After reading the book, I took some very tough decision which have been experimenting with for some couple of years (Since February 10, 2018) such as among other things:
- Deactivated my Personal Facebook, Twitter and Instagram Accounts.
- I go directly to the pages I want to view instead of going to the homepage of the platforms directly for example:
www.linkedin.com/in/lanredahunsi instead of www.linkedin.com - I only install whatsapp, 1-3 times per week to respond to messages and make some international calls. I have found that whatsapp is one of the hardest platforms to leave and one of the major time wasters as people always have your attention all the time.
- I use tools such as Rescue Time and Freedom to help me stay focused, block distracting websites and stay locked in with major goals I want to achieve.
- Remove all notifications on my phone
- Digital Declutter: Deleted all apps on my phones and only have In and Out apps such as Google Map, Podcast App, Screentime, Google Authenticator,
- Have high quality activity to replace the always on the internet habits. I replaced the digital maximalism with Reading Books (100 Books Reading Challenge), Ran Multiple Marathons, Run my Blog(s), Exercise More, Dedicate more time to writing IT Certifications, Listen to more Audiobooks.
Think about this: If you use social Media/stare at your screen all day:
- Social Media – 2 hrs /day – 730 Hours /Year = 1 Month/year = Every 12 years = 1 year on Social Media
- TV/Laptop/Entertainment : 2 hrs/Day =730 Hours /Year = 1 Month/year = Every 12 years = 1 year on Social Media
We need to Learn to Number our Days as the above time spent on this activity is quite a lot in our relatively short life.
A 2015 study by Common Sense Media found that teenagers were consuming media—including text messaging and social networks—nine hours per day on average.
We should maximize value while reducing cost to time and energy with purposeful rules for using a technology. The following questions may help:
- What do I value? Does a certain technology support that?
- What am I really gaining by using it?
- What do I need, what technology can fulfill that?
- What makes me use a certain technology: convenience or necessity?
- What are the habits that govern my use of technology?
Favourite Takeaways from Digital Minimalism by Cal Newport
Digital Minimalism
A philosophy of technology use in which you focus your online time on a small number of carefully selected and optimized activities that strongly support things you value, and then happily miss out on everything else.
The Digital Minimalist:
- If a new technology offers little more than a minor diversion or trivial convenience, the minimalist will ignore it. Even when a new technology promises to support something the minimalist values, it must still pass a stricter test:
Is this the best way to use technology to support this value? If the answer is no, the minimalist will set to work trying to optimize the tech, or search out a better option.
- By working backward from their deep values to their technology choices, digital minimalists transform these innovations from a source of distraction into tools to support a life well lived. By doing so, they break the spell that has made so many people feel like they’re losing control to their screens.

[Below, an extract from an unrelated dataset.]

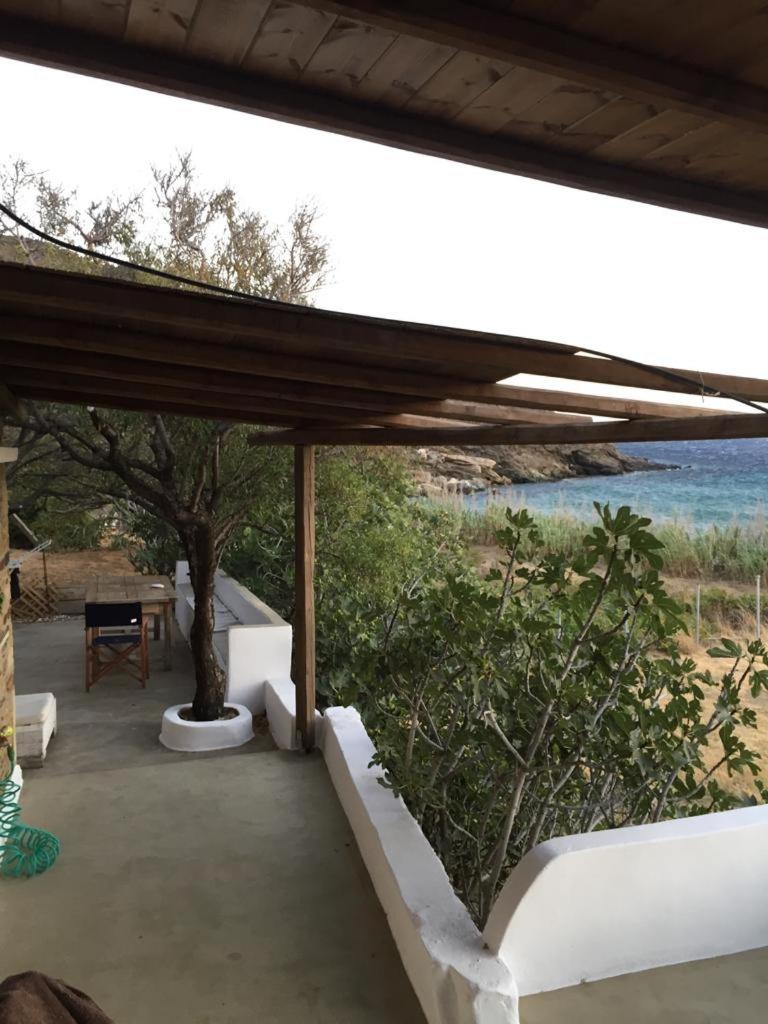 Seaview Agios Petros d'Antonio & Mairi houses view 2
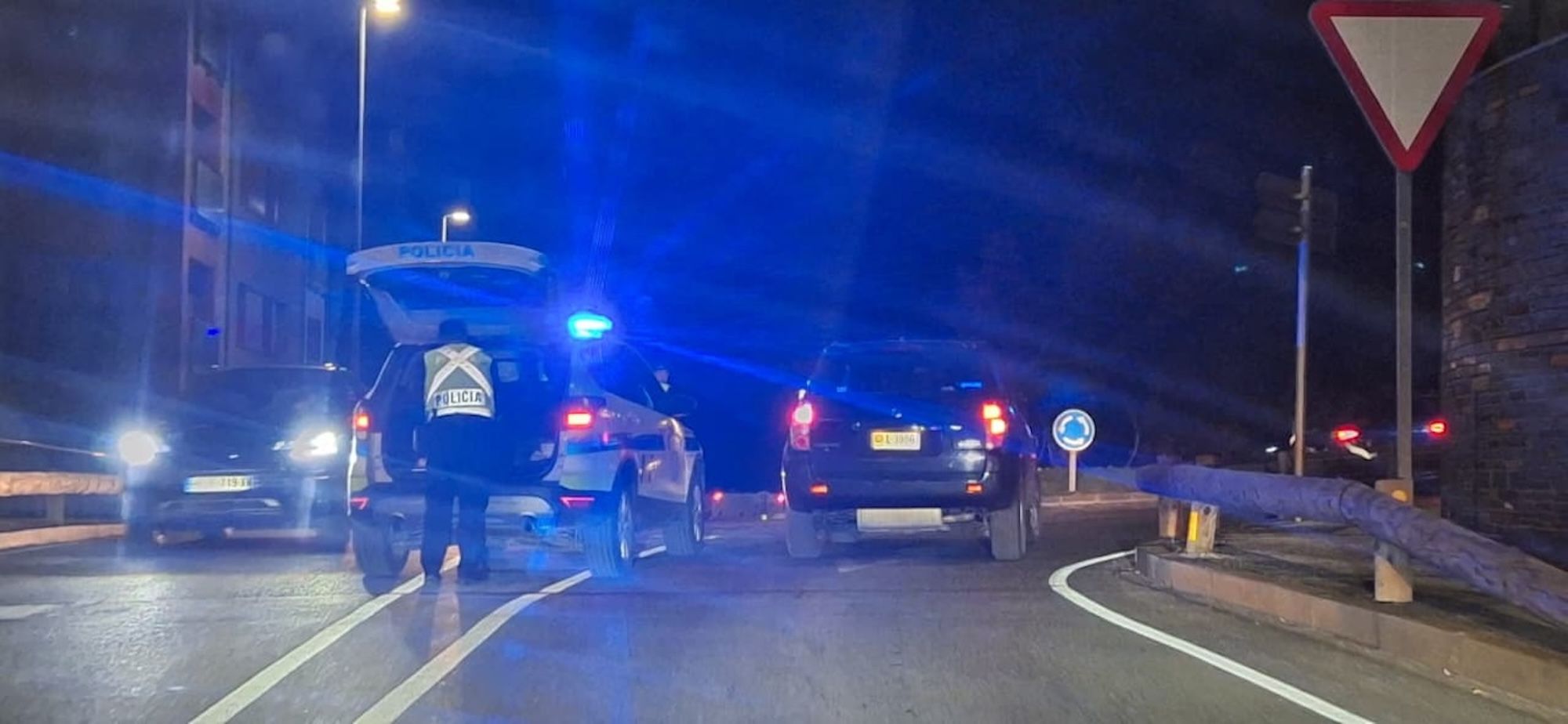 Actuació de la policia al lloc de l’accident.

- They tend to be incredibly wary of low-value activities that can clutter up their time and attention and end up hurting more than they help. Minimalists don’t mind missing out on small things; what worries them much more is diminishing the large things they already know for sure make a good life good.
Digital Maximalist
- A maximalist is very uncomfortable with the idea that anyone might miss out on something that’s the least bit interesting or valuable.
.Newport asserted that we go back to social media because of the following reasons:
In his 2017 book, Irresistible: The Rise of Addictive Technology and the Business of Keeping Us Hooked, which details his study of this topic, Alter explores the many different “ingredients” that make a given technology likely to hook our brain and cultivate unhealthy use. I want to briefly focus on two forces from this longer treatment that not only seemed particularly relevant to our discussion, but as you’ll soon learn, repeatedly came up in my own research on how tech companies encourage behavioral addiction: intermittent positive reinforcement and the drive for social approval.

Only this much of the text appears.